Che qualcuno pensava anche di raddoppiare. Il villaggio Aracci è la frazione
più grande del comune di Zeri, una sorta di condominio alpestre di villette
deserte per lunghi mesi. Al vicino passo del Rastrello, crinale con la Liguria, si fa altrettanto: 52 villette di montagna.
Il cartello di benvenuto a ZumZeri |
Il PalaZum, il palazzo del ghiaccio |
L'interno del PalaZum |
Salgo a ZumZeri. E trovo il cartello di benvenuto a pezzi.
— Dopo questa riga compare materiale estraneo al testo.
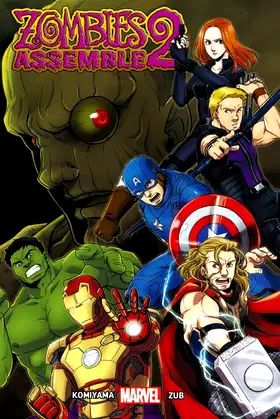 Zombies Assemble Vol. 2 Manga poster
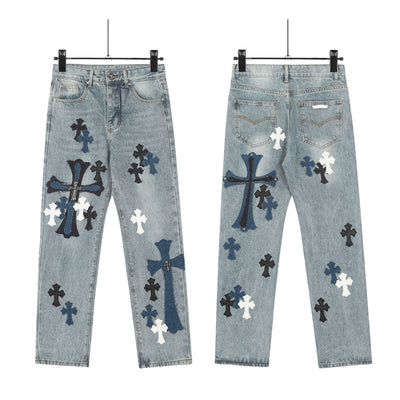 CH Straight Cross Jeans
Il PalaZum, il palazzo del ghiaccio, è un grande capannone da area industriale sorto
fra i faggi. Desolato e inutile. Funziona da deposito per i sedili delle seggiovia.
Quest’anno vi è stata neve per dieci giorni. Il ristorante e
l’ostello hanno chiuso prima della fine dell’anno e nessuno ha mai più provato
ad riaprirli. Sono da neorealismo gli scivoli abbandonati, i giochi per bambini
immalinconiti, un cannone per la neve che sta arrugginendo, rottami sparsi come
dopo un disastro. Saracinesche mal chiuse. Vetrate che lasciano intravede sale vuote.
In questi mesi di primavera appenninica c’è aria di desolazione al passo dei
Due Santi.
Cannone sparaneve |
Il parco giochi di ZumZeri |
Questa stazione da sci non avrebbe potuto nascere. Il
crinale non era terra del demanio. Ma era ed è ‘proprietà collettiva gravata da usi
civici’. E’ terra dei cittadini di Zeri. Non poteva essere venduta, né lottizzata.
Forse, negli anni ’70, nessuno lo immaginava. La Regione Toscana ha atteso la
fine degli anni ’80 per regolare gli usi civici. Nel frattempo lassù si era già costruito, venduto, affittato. La neve, allora, era un miraggio dorato. Per venti anni ZumZeri ha dato
lavoro a sei persone. Raddoppiavano nei mesi invernali. Poi fallimenti su
fallimenti. Cattive gestioni. Gare di concessione andate deserte. Milioni
gettati al vento. Infine anche la neve si è stancata di cadere su queste
montagne.
Oggi nella campagna elettorale per il sindaco (qui si vota il
sei maggio come in Francia e in Grecia), i candidati si rifugiano in un buon
proposito: ‘Rilanciare ZumZeri’. Nessuno, mi sembra, dice che cosa ne vuol fare
del PalaZum. Solo per abbattere quanto di abusivo è stato costruito occorrono
70mila euro.
Le nuvole stanno salendo verso il crinale. Si sfilacciano in nebbia gelida. Sale una macchina dei carabinieri. La sola che ho visto passare. La modernità, qui,
solitario crinale degli Appennini, ha lasciato i suoi detriti.